__EXERCISE PROMPT__
Your copy should match the listing below word for word, with no images in it.

__GIVEN RECORDS__

- Opening Delimiter -

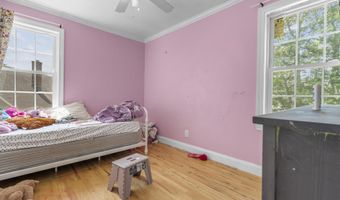 170 Red Oak Rd, Bridgeport, CT 06606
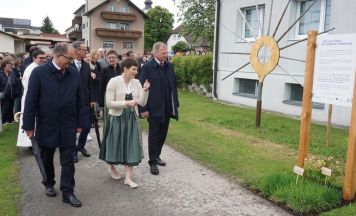 Lembach macht zur Eröffnung der communale Mut zum Frieden
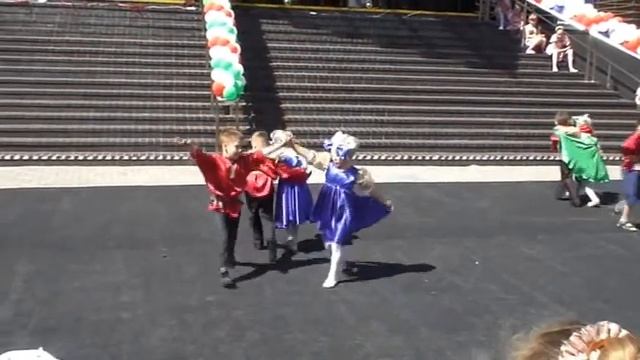 Танец Деревенские забавы. смотреть онлайн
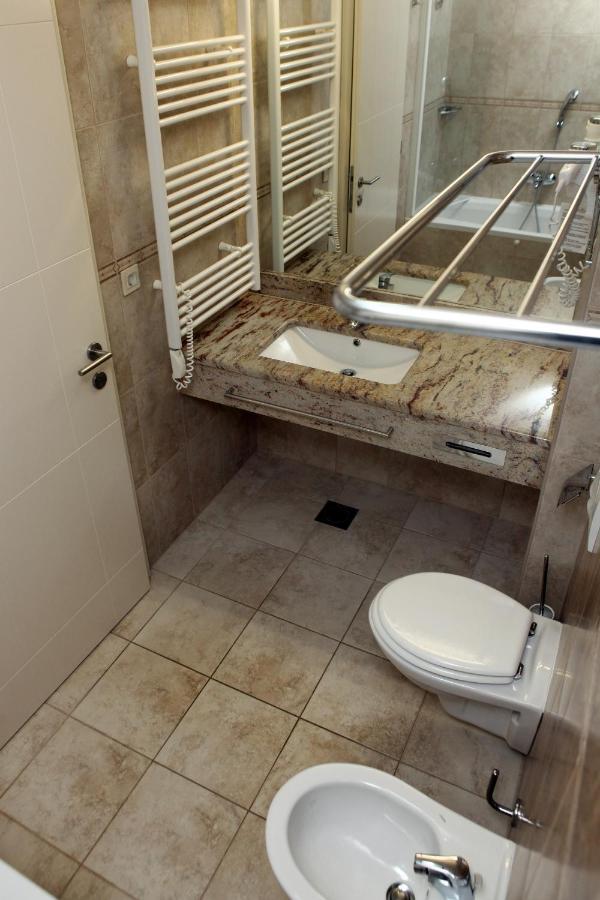 Garbin 711 Marina Portoroz Apartment Luaran gambar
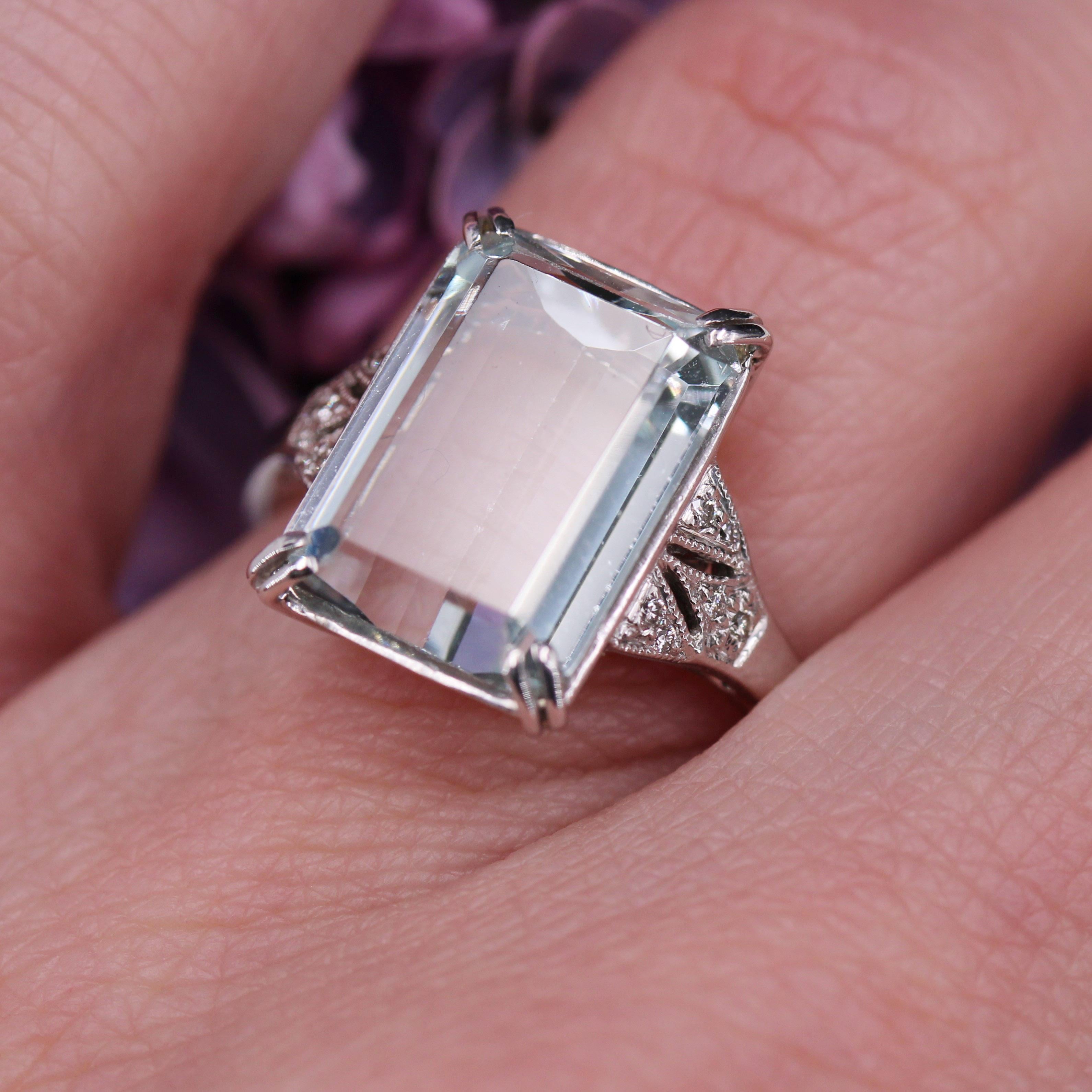 New Art Deco Style Aquamarine Diamonds 18K White Gold Ring 9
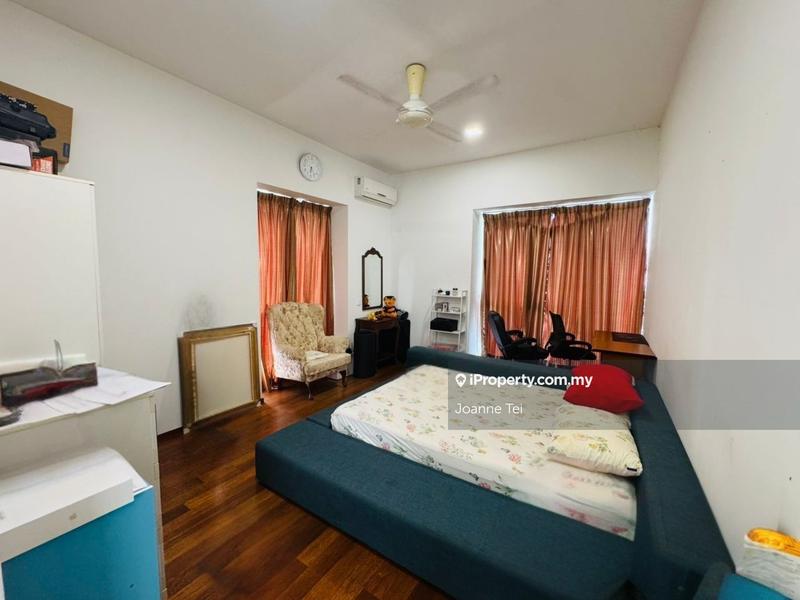 Bungalow House for Sale in Lakefront Villa, Cyberjaya by Joanne Tei - iProperty.com.my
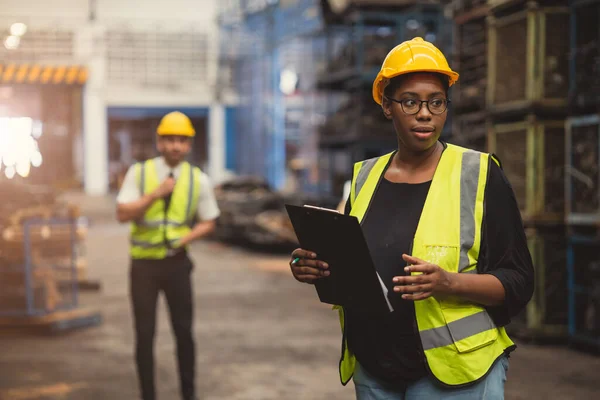Afrikanska Kvinnor Svart Dam Ingenjör Personal Som Arbetar Fabriksindustrin — Stockfoto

- Closing Delimiter -

__RESPONSE TO THIS EXERCISE__
 170 Red Oak Rd, Bridgeport, CT 06606
 Lembach macht zur Eröffnung der communale Mut zum Frieden
 Танец Деревенские забавы. смотреть онлайн
 Garbin 711 Marina Portoroz Apartment Luaran gambar
 New Art Deco Style Aquamarine Diamonds 18K White Gold Ring 9
 Bungalow House for Sale in Lakefront Villa, Cyberjaya by Joanne Tei - iProperty.com.my
Afrikanska Kvinnor Svart Dam Ingenjör Personal Som Arbetar Fabriksindustrin — Stockfoto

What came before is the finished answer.